Nothing but the lines from the one showing "LGT JWLS Stalen" through the final line of the data below belongs in the answer, duplicated exactly and without pictures.

Information provided below:

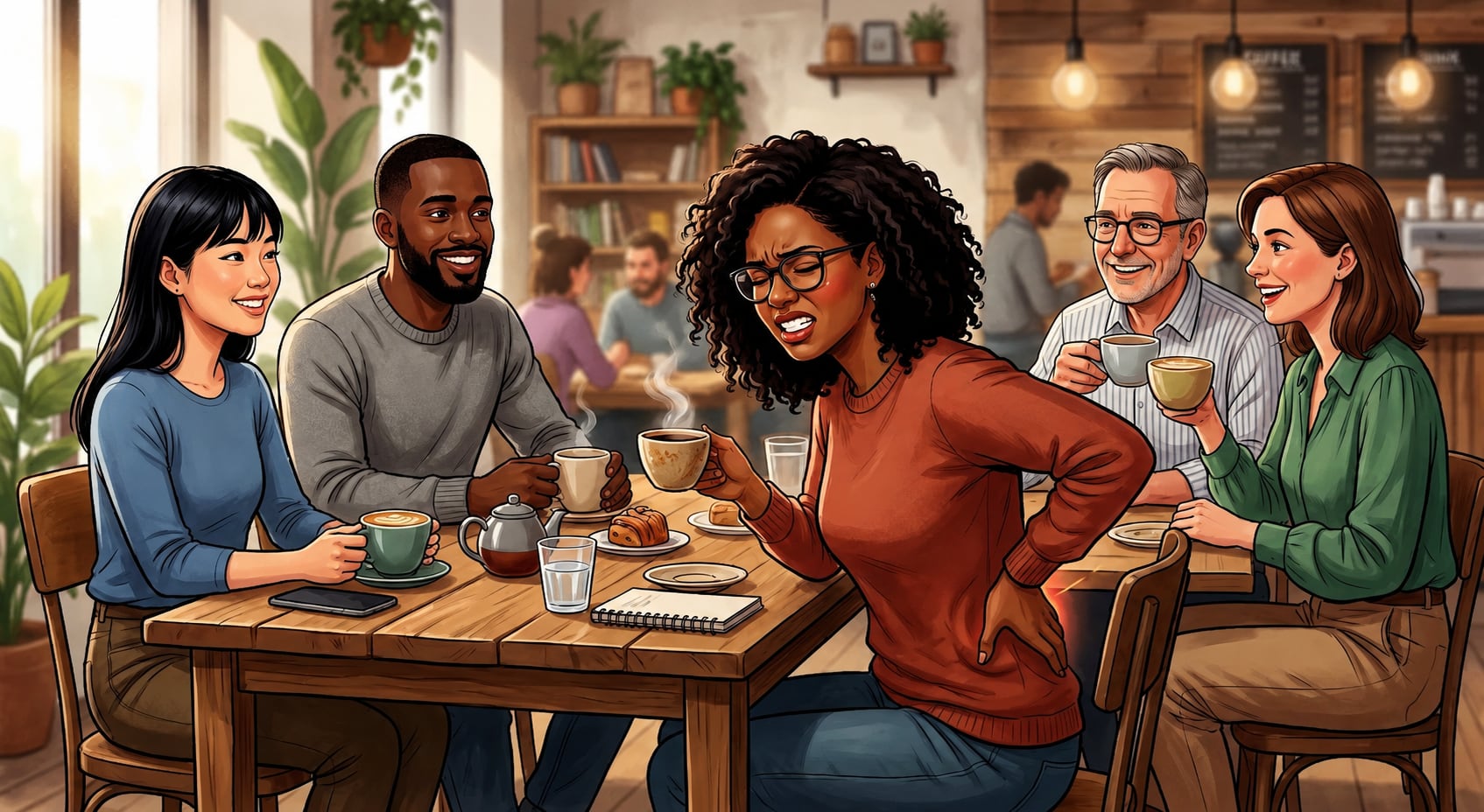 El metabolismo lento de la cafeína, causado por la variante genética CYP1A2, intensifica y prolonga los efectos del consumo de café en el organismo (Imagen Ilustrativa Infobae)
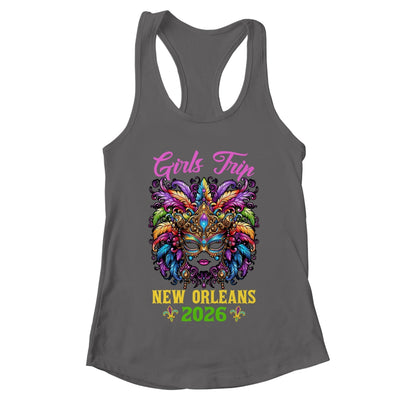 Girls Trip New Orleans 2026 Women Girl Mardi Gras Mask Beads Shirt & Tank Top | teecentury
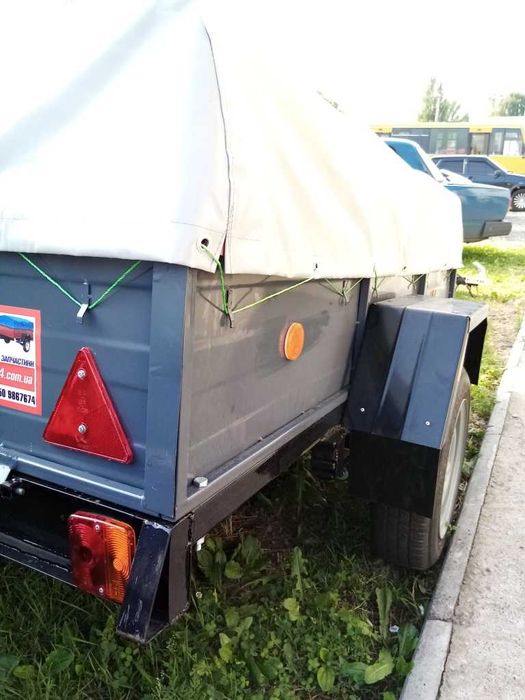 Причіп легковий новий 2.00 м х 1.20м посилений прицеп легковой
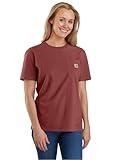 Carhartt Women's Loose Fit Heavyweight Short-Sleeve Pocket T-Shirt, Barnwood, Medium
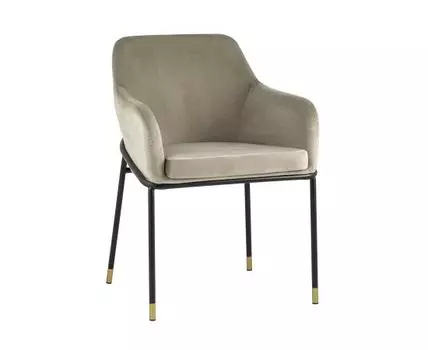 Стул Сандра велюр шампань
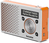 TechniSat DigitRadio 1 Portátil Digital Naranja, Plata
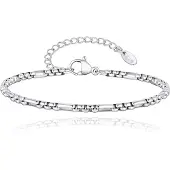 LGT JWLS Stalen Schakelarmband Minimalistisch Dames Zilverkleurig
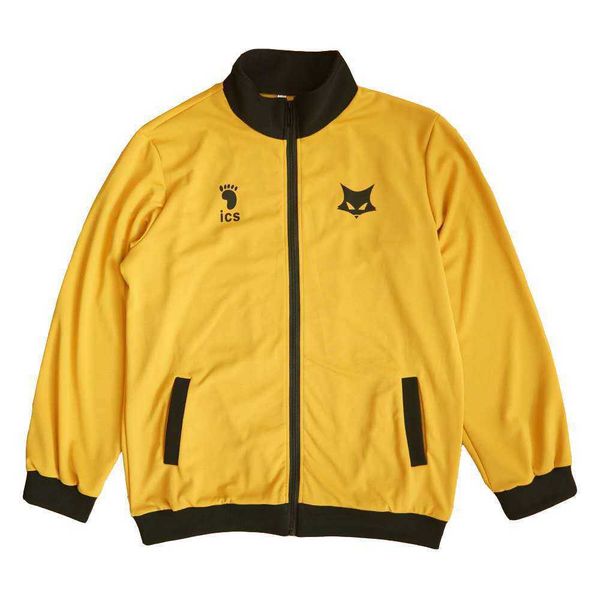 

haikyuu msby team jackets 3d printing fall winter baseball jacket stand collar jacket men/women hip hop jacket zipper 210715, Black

End of Information provided.

§ **Result of this exercise**
 LGT JWLS Stalen Schakelarmband Minimalistisch Dames Zilverkleurig

haikyuu msby team jackets 3d printing fall winter baseball jacket stand collar jacket men/women hip hop jacket zipper 210715, Black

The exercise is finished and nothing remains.